Analysis

Baltic States will not buy energy from Belarus NPP

Estonia, Latvia and Lithuania are joining forces to oppose energy imports from a Belarusian nuclear power plant (NPP) Lithuania has declared a national security threat.

The governments of the three Baltic nations have announced that they will sign a declaration of intent to oppose electricity purchases from Russian-built NPP at Astravets near the Lithuanian border.

“We are pleased to be moving closer to a common position,” Lithuania’s prime minister Saulius Skvernelis told reporters, adding that the three Baltic nations and the European Commission will work on finding “an appropriate mechanism controlling the origin of electricity entering our networks from third countries”.

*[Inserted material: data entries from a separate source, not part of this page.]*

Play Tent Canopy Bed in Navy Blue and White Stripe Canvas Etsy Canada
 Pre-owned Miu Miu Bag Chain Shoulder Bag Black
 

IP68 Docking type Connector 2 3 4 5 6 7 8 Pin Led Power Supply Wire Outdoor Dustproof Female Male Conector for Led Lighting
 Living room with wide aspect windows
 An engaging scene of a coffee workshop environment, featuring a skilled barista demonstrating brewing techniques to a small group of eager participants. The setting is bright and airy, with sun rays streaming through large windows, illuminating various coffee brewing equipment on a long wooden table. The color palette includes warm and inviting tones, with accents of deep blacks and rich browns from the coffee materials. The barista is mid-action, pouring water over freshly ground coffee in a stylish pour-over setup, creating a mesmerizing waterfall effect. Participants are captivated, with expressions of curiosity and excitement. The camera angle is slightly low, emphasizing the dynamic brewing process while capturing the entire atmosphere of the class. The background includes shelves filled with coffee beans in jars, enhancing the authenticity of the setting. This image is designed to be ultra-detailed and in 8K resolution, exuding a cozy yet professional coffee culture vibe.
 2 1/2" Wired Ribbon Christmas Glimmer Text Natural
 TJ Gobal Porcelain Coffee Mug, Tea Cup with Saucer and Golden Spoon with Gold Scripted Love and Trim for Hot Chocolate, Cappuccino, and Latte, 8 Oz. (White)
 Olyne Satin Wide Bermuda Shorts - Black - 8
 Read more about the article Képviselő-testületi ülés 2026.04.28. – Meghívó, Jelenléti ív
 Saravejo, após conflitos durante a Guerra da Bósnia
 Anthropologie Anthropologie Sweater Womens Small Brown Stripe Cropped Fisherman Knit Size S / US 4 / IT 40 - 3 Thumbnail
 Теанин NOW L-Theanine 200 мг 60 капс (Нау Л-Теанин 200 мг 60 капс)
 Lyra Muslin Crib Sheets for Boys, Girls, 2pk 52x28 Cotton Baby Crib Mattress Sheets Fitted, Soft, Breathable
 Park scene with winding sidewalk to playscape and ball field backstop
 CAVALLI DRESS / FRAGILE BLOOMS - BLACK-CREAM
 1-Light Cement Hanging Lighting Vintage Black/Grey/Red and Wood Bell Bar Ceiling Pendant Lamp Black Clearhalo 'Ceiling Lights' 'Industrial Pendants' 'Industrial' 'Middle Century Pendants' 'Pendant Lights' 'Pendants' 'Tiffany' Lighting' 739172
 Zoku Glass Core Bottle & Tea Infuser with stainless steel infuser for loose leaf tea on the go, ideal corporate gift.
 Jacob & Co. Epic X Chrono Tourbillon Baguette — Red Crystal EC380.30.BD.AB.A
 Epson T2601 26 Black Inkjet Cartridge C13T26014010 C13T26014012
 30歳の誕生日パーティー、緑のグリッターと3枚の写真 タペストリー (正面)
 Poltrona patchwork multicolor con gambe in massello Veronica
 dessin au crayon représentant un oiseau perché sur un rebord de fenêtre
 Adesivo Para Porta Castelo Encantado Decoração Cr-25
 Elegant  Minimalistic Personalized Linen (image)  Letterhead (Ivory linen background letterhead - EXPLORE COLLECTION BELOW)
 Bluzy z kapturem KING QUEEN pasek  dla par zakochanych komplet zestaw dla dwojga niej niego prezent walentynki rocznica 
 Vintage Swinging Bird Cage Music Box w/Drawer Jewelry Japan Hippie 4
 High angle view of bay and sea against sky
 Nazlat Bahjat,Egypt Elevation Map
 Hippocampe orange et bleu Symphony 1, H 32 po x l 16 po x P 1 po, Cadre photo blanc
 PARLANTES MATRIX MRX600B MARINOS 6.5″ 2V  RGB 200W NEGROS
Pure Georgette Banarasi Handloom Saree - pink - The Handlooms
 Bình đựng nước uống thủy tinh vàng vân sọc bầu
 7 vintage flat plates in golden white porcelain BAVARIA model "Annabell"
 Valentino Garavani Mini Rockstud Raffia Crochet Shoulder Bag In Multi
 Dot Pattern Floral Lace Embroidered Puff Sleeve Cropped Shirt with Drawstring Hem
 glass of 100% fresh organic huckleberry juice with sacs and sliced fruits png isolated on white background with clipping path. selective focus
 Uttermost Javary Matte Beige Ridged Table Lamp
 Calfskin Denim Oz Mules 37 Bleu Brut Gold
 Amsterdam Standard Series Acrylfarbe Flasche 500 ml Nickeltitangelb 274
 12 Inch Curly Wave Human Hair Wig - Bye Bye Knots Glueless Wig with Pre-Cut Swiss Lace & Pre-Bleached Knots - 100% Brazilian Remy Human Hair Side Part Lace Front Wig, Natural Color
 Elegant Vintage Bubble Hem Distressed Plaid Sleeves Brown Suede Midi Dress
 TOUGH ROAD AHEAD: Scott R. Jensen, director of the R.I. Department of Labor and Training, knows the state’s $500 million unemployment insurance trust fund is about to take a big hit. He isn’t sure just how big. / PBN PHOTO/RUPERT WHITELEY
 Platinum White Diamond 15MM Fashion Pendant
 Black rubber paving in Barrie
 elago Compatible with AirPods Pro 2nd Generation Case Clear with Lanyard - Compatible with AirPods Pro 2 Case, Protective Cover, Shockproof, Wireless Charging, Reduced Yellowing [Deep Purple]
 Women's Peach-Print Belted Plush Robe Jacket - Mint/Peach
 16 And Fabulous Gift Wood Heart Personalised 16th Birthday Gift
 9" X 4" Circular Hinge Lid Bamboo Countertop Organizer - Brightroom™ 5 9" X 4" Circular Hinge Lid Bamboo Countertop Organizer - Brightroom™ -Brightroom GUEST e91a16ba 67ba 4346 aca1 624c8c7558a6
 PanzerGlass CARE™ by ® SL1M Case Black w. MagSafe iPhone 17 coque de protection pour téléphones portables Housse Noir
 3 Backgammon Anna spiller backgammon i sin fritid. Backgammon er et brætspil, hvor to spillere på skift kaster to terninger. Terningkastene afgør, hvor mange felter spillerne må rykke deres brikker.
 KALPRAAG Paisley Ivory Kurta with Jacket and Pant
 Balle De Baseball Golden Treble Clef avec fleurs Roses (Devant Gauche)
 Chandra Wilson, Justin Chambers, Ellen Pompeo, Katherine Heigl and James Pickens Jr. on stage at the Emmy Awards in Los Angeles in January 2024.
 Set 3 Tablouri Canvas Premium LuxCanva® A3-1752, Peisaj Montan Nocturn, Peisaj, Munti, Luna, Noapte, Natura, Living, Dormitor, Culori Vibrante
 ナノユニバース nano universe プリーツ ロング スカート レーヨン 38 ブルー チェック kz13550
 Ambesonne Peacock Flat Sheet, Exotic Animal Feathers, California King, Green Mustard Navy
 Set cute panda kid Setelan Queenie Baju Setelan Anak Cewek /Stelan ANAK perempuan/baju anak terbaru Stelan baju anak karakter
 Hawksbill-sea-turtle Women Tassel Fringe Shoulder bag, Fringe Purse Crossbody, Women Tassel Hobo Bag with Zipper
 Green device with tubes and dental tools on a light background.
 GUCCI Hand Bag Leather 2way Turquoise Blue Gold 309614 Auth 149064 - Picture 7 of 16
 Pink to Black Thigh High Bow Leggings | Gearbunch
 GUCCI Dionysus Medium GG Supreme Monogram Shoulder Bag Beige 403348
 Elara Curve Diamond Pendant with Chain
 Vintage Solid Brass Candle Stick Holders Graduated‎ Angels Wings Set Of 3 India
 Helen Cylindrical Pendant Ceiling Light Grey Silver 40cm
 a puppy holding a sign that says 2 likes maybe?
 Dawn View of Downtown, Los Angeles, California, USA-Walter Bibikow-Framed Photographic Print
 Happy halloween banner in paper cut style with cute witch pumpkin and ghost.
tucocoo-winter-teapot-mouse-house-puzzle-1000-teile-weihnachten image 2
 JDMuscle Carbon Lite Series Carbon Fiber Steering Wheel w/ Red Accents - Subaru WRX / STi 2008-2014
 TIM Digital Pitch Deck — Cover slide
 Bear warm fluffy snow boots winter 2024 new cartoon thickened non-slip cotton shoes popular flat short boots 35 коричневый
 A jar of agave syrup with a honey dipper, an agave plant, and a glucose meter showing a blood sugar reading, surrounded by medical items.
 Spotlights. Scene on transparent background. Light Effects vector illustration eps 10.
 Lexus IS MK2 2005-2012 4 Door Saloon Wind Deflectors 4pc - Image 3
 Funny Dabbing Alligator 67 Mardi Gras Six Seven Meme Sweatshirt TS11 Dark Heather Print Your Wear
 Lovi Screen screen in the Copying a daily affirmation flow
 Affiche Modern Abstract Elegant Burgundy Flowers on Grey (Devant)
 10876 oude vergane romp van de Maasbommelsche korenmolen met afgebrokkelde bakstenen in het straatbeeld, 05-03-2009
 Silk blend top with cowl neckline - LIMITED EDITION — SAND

“Seeing the atmosphere and constructiveness as well as the European Commission’s involvement, I believe we are going to have a really good compromise,” LRT quoted Lithunia’s energy minister Zygimantas Vaičiūnas as saying.

The joint declaration comes after the Latvian government last August announced that it would move electricity trade to the country’s border if Lithuania decides to halt Belarusian imports.

Vilnius has long criticised the Belarusian NPP project, which includes the construction of two nuclear reactors by 2020 and two additional reactors by 2025.

The Lithuanian government, which is convinced that Belarus is not complying with safety and environmental standards, has repeatedly sought assistance from the European Commission, has held emergency drills to prepare for any event and has purchased four million iodine pills to be distributed to its citizens.

In 2017, the Seimas, Lithuania’s parliament, passed a resolution deeming the Astravets plant a national, environmental and public health threat. In response, Belarus has repeatedly denied that the plant presents any threat. The plant has passed EU stress tests.

European and international experts are due to pay a visit to the Belarusian NPP in March. Mr Vaičiūnas insisted that the nuclear plant should not go online until all stress test recommendations are implemented by the Belarusian authorities.

Lithuania’s public broadcaster has reported that the three Baltic states are due to synchronise their power grid with the rest of Europe in the next five years and withdraw from the so-called BRELL network, an energy transmission framework of the three Baltic countries, Belarus and Russia.

The Astravets plant is being constructed by Russian firms contracted by Rosatom, the Russian state nuclear energy company. Moscow is also partly financing the nuclear plant – with cost estimates ranging as high as 22 billion US dollars.

Belarus hopes that the plant will be operational later this year.